Chinese search engine, Chinese word segmentation is the most fundamental part of the system, because the current word based Chinese search algorithm is not too good. Of course, this article is not to do research on Chinese search engine, but to share if you use PHP to do a site search engine.

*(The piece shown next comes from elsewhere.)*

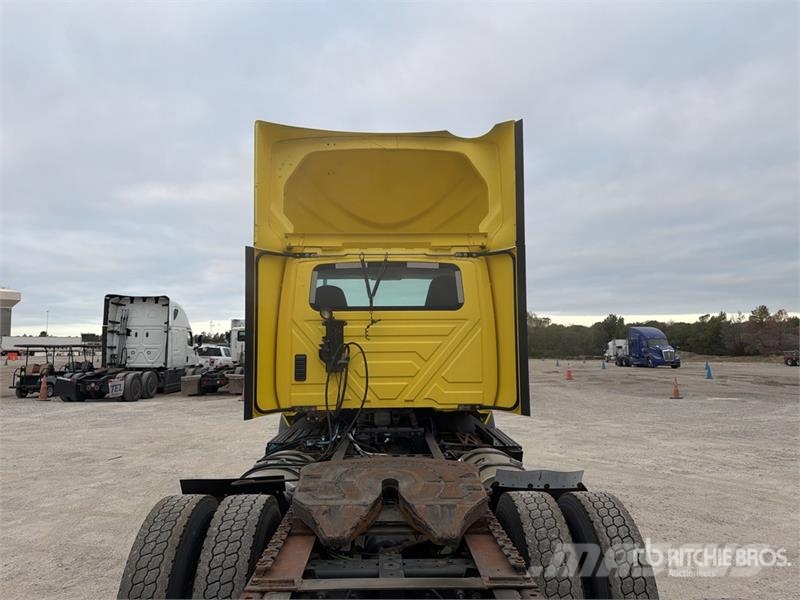 International RH613 6x4 T/A Day Cab Truck Tractor Τράκτορες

This article is an article in this system
The PHP class for Chinese word segmentation is below, using the Proc_open () function to execute the word breaker, and through the pipeline and its interaction, enter the text to be participle, read the word segmentation results.
Class nlp{
private static $cmd _path;
Do not end with '/'
static function Set_cmd_path ($path) {
Self:: $cmd _path = $path;
}
Private function cmd ($STR) {
$descriptorspec = Array (
0 = = Array ("Pipe", "R"),
1 = = Array ("Pipe", "w"),
);
$cmd = self:: $cmd _path. "/ictclas";
$process = Proc_open ($cmd, $descriptorspec, $pipes);
if (Is_resource ($process)) {
$str = Iconv (' utf-8 ', ' GBK ', $str);
Fwrite ($pipes [0], $STR);
$output = Stream_get_contents ($pipes [1]);
Fclose ($pipes [0]);
Fclose ($pipes [1]);
$return _value = Proc_close ($process);
}
/*
$cmd = "printf ' $input ' |". Self:: $cmd _path. "/ictclas";
EXEC ($cmd, $output, $ret);
$output = Join ("n", $output);
*/
$output = Trim ($output);
$output = Iconv (' GBK ', ' utf-8 ', $output);
return $output;
}
/**
* Word breaker, return word list.
*/
function Tokenize ($STR) {
$tokens = Array ();
$output = Self::cmd ($input);
if ($output) {
$ps tutorial = preg_split ('/s+/', $output);
foreach ($ps as $p) {
List ($seg, $tag) = explode ('/', $p);
$item = Array (
' Seg ' = $seg,
' Tag ' = $tag,
);
$tokens [] = $item;
}
}
return $tokens;
}
}
Nlp::set_cmd_path (DirName (__file__));
?>
Easy to use (make sure the Ictclas compiled executables and dictionaries are in the current directory):
Require_once (' nlp.php ');
Var_dump (nlp::tokenize (' Hello, world! '));
?>
Webmaster experience,
If you want to do search engine segmentation, the need for a strong thesaurus and more intelligent pinyin and writing, habits and other functions of the library.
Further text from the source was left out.